The narrow issue before us is whether the phrase, “otherwise emancipated,” in the property settlement agreement was intended by the parties to include the situation where one of the children became employed full-time. Appellant obligated himself to pay child support until the children reached twenty-one years of age, three years beyond legal maturity. But by the terms of the agreement, this obligation was not absolute; it ceased if a child married, died or no longer lived at home with Mrs. Ware. It also ceased if a child should “became otherwise emancipated.”

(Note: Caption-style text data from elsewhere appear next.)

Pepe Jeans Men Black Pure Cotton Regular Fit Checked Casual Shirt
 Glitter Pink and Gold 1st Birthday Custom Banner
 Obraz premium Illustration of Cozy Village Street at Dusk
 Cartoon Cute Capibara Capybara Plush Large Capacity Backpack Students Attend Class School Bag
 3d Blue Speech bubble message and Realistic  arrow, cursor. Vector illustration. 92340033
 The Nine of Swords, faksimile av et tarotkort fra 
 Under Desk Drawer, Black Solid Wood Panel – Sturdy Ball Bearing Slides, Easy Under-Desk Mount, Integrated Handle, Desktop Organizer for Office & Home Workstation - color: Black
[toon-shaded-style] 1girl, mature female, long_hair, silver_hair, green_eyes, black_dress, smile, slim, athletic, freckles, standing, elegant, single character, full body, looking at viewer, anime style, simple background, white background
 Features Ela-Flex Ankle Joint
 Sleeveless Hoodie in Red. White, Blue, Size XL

Paul v. Paul, 214 Va. 651, 203 S.E.2d 123 (1974), is instructive in approaching the issue before us. In Paul, the Supreme Court held that the intent of the parties at the time of executing a property settlement agreement similar to the one in this case was to provide support until age twenty-one, “unless emancipation under the then existing law” occurred. Id. at 654, 203 S.E.2d at 125-26. In Buxton v. Bishop, 185 Va. 1, 37 S.E.2d 755 (1946), the Supreme Court held that a twenty-year old son had become emancipated by working away from home, being employed and spending his wages as he alone desired. In Buxton, Williston on Contracts was quoted, with approval, as follows:
Such emancipation may be by express agreement or may be shown by the circumstances of the case. Thus if, with his parents’ express or implied consent, a minor makes a contract for his services under which he is personally to receive the benefits of the contract, he is thereby emancipated.
Paul and Buxton constituted the law existing in the Commonwealth at the time the property settlement agreement in this case was executed. We hold that the parties intended the phrase, “otherwise emancipated,” to contemplate any act of emancipation recognized in law, including the full-time employment of Patricia by which she earned sufficient funds to fully provide for herself.
Accordingly, the order appealed from is reversed and the cause remanded with directions to enter an appropriate order consistent herewith.

*355
Reversed and remanded.

Baker, J., and Coleman, J., concurred.